Are You Contributing To Islamophobia? A Recipe For Anti-Muslim Hatred
In light of the recent fatal attack on a Muslim teenager in Virginia and a crowd of worshippers leaving a mosque in London (as well as the shooting of worshippers in a mosque in Canada earlier this year), I think it’s time to ask ourselves if the way we talk about Muslims contributes to hatred and violence towards them. Consequently, I’ve written the following guide.

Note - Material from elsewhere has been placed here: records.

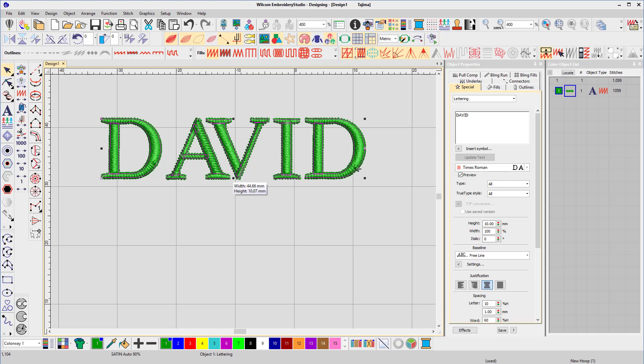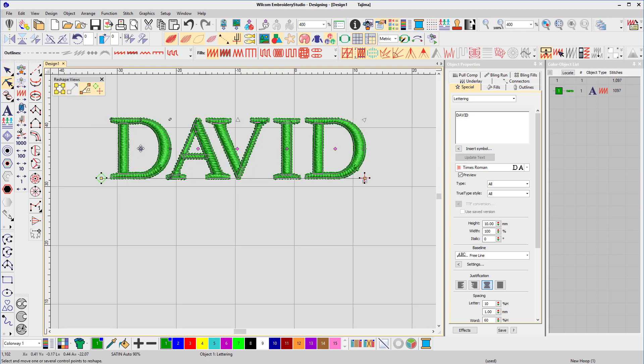So to fix that we'd go to the reshape tool and drag the pink diamond of the D closer to the A. That's done the trick, but if we had to do that every time we typed a D and an A together then we'd waste an awful lot of time. Which is why we use Wilcom's Update Kerning Settings feature to teach the software our preferred distance between two letters so that we never have to do it again.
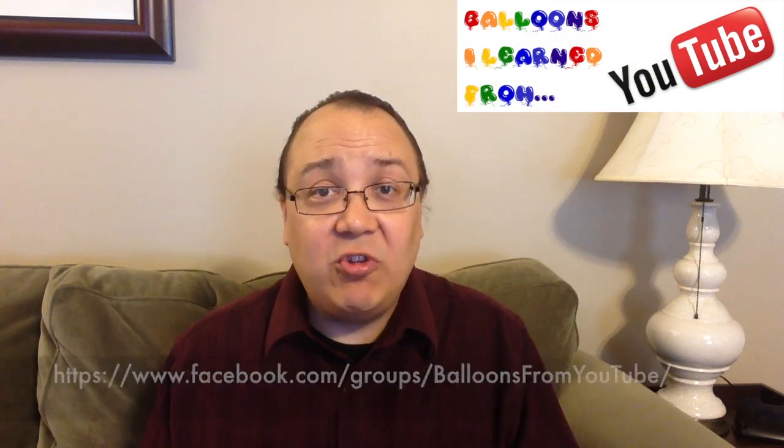Hi everybody, Mr. Boma from Mr. Boma's Balloons here. I wanted to tell you about a new Facebook group that is just for you — the person who's learning balloons from YouTube. In fact, that's what it's called: Balloons I Learned from YouTube.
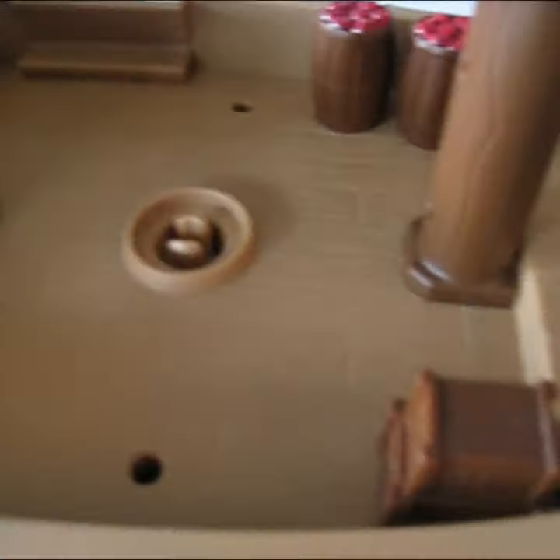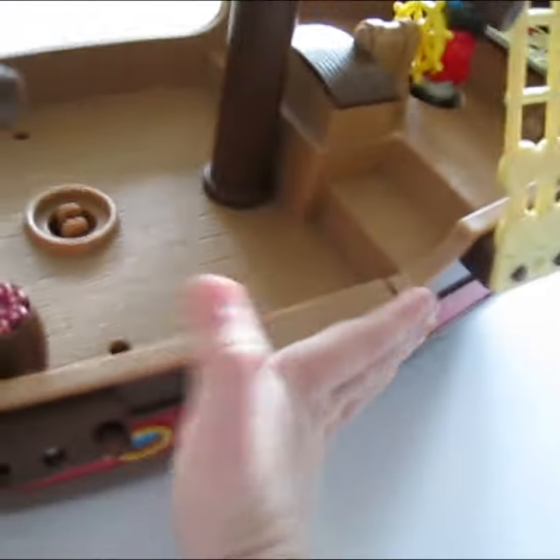Then there's these flaps. There's a secret part, and it's over on this side. There's some stairs, and then you can put those back up.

There are predictable ingredients in a Muslim-hatred souffle. You mix the following ingredients:
Essentialism.
The belief that Muslims (or most Muslims, say) are of a type. The Muslim is backward, misogynistic, violent, primitive, anti-Semitic, anti-Christian, fundamentalist. You ignore the cultural diversity of Muslims. You ignore the differences in belief, custom, and degree of religiosity among them. You ignore the great artistic, scientific, and philosophical achievements of Muslims past and present.
Definition by the worst.
You form your picture of Islam according to the worst behavior you can find among Muslims. Your image of a Muslim is based on ISIS, Al-Quaeda, Saudi Wahabis or hatred spewing Imams you’ve seen on Youtube. You ignore the Muslims who live in friendship and harmony with non-Muslims, who volunteer their time as doctors or humanitarian workers or who fight for human rights or denounce, again and again, terrorism and religious violence. If you do acknowledge these Muslims, you see them as aberrations from the true Muslim type as in #1 above, refusing to see the obvious fact that these Muslims are, well, also Muslims and it is just as reasonable to believe their actions are motivated by aspects of Islam as it is to believe ISIS is.
Apply double standards.
When a Muslim commits a hate crime or an act of religious violence, it is because they are a Muslim. If a Christian- say, a member of the Lord’s Army in Sudan commits war crimes or atrocities it is because they are not true Christians. You get the idea.
Remain superficial.
Do not study the Quran deeply. Best to rely on Google or websites that cherry pick verses out of context to make their point, or weave together the most offensive quotations available from Imams or rulings of Islamic jurors over time. How hard can it be to grasp the ins and outs of a 1500-year-old religious tradition whose texts are written mostly in languages you don’t understand, which spans countries and continents and has billions of adherents? Judaism could be well understood after several hours on anti-Semitic websites, right? And Atheist websites would be a great guide to the history of Christianity? Right. So stick to anti-Islam websites for your information. What could go wrong?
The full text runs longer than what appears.